Summit straordinario dell'Organizzazione della cooperazione islamica a Istanbul. Ma i calcoli politici della Turchia, del'Iran e dei paesi sunniti al momento sono molto diversi tra di loro

Oggi a Istanbul il presidente turco Recep Tayyip Erdogan ha tentato di cavalcare ancora la rabbia dei leader arabi dopo la decisione di Donald Trump di spostare a Gerusalemme l'ambasciata americana in Israele. Solo che il risentimento che Erdogan si aspettava di incontrare al summit straordinario dell'Organizzazione della cooperazione islamica (Oic) è stato molto più contenuto di quanto si aspettasse. Al vertice hanno partecipato 57 stati membri di fede musulmana, ma molti di questi hanno deciso di inviare in propria rappresentanza solo dei ministri piuttosto che capi di stato o di governo. Di fronte a una platea convocata con urgenza ma di fatto svuotata di poteri (tra l'altro l'Oic non ne ha molti) Erdogan ha tentato di raggiungere due obiettivi. Da una parte ha provato a smontare la tesi americana che auspica un rilancio del processo di pace in medio oriente dopo la scelta di Trump su Gerusalemme. "Non dovremo accettare nessun ruolo degli americani nei negoziati. Hanno dimostrato di essere di parte nei confronti di Israele", ha detto il presidente turco, che ha definito quello ebraico "uno stato di terrore".

 

Ma al di là dei toni forti nei confronti degli Stati Uniti e di Israele, il vero scopo di Erdogan era quello di unire il fronte dei paesi musulmani. Già in questi giorni la stampa turca aveva attaccato le divisioni nel mondo arabo che hanno favorito la mossa di Trump su Gerusalemme (l'ha scritto anche il quotidiano Hurriyet). Il presidente turco ha quindi chiesto a tutti gli stati del mondo arabo di riconoscere Gerusalemme "la capitale occupata dello stato palestinese" per impedire "a Israele di guadagnare altro terreno, giorno dopo giorno". L'appello di Erdogan fa eco a quello già rivolto dall'Iran per una nuova intifada e conferma una tendenza: la decisione di Trump su Gerusalemme sta facendo arrabbiare più in paesi non arabi (Turchia e Iran) che quelli arabi (Arabia Saudita, Egitto, Giordania, Emirati arabi uniti).

  

 

Il motivo è che i calcoli politici di Ankara, di Teheran e dei paesi sunniti al momento sono molto diversi tra di loro.
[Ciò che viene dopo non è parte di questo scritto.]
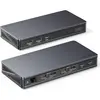 USB-C ჰაბი UGREEN CM615 (90912) Revodok Pro 209, Type-C, USB, HDMI, RJ45, DP, PD, Docking Station, Black  - Primestore.ge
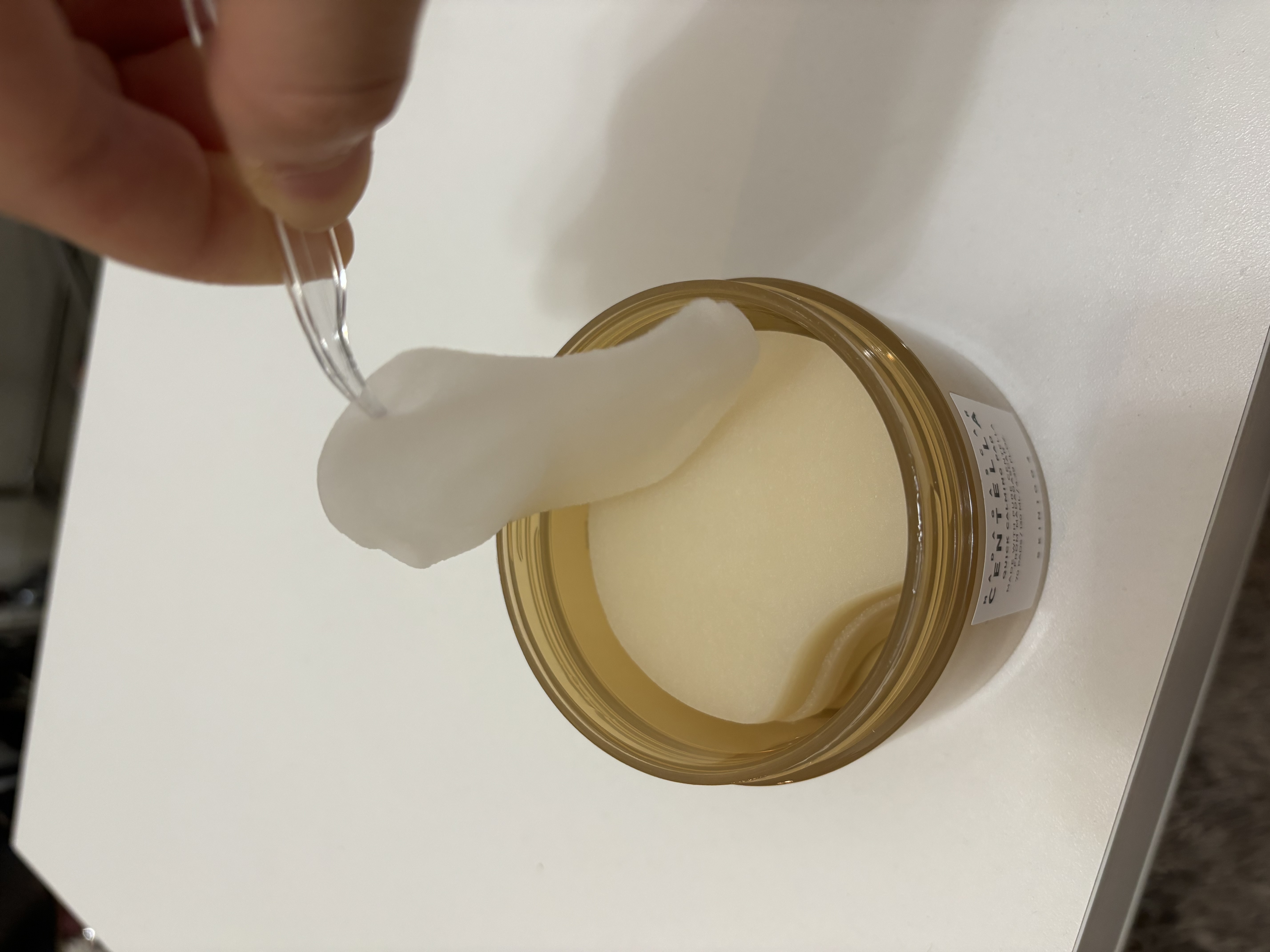 センテラ クイックカーミングパッド/SKIN1004/トナーパッドを使ったクチコミ（3枚目）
Le poche voci rimaste ancora libere tra i giornalisti turchi dopo le epurazioni di stato ritengono che il nuovo sforzo di Erdogan di riproporsi come leader del mondo islamico, stavolta sulla scia della crisi israeliana, rischia di essere vano ancora una volta. Dopo le primavere arabe, il presidente turco aveva provato a rilanciare la sua politica neo-ottomana e di indirizzare le rivolte nei paesi arabi, ma per farlo si era schierato dalla parte dei Fratelli musulmani, che alla fine sono usciti sconfitti in tutta la regione. In quel caso, Ankara fu isolata dagli altri paesi arabi ed Erdogan fu costretto nel 2016 a normalizzare i suoi rapporti diplomatici con Israele. Oggi il presidente turco rischia di fare la stessa fine di allora, ha scritto il giornalista turco Fehmi Koru che è un ex sostenitore di Erdogan, e di non rendersi conto che da Riad ad Abu Dhabi fino al Cairo, il nemico comune è l'Iran, non Israele. Così, la mossa di Erdogan di mobilitare il mondo islamico sotto la guida di Ankara potrebbe trovare solo il sostegno di Hamas e rischia di alimentare le antipatie degli altri paesi sunniti. Non proprio il massimo per il nuovo leader anti-americano del mondo arabo.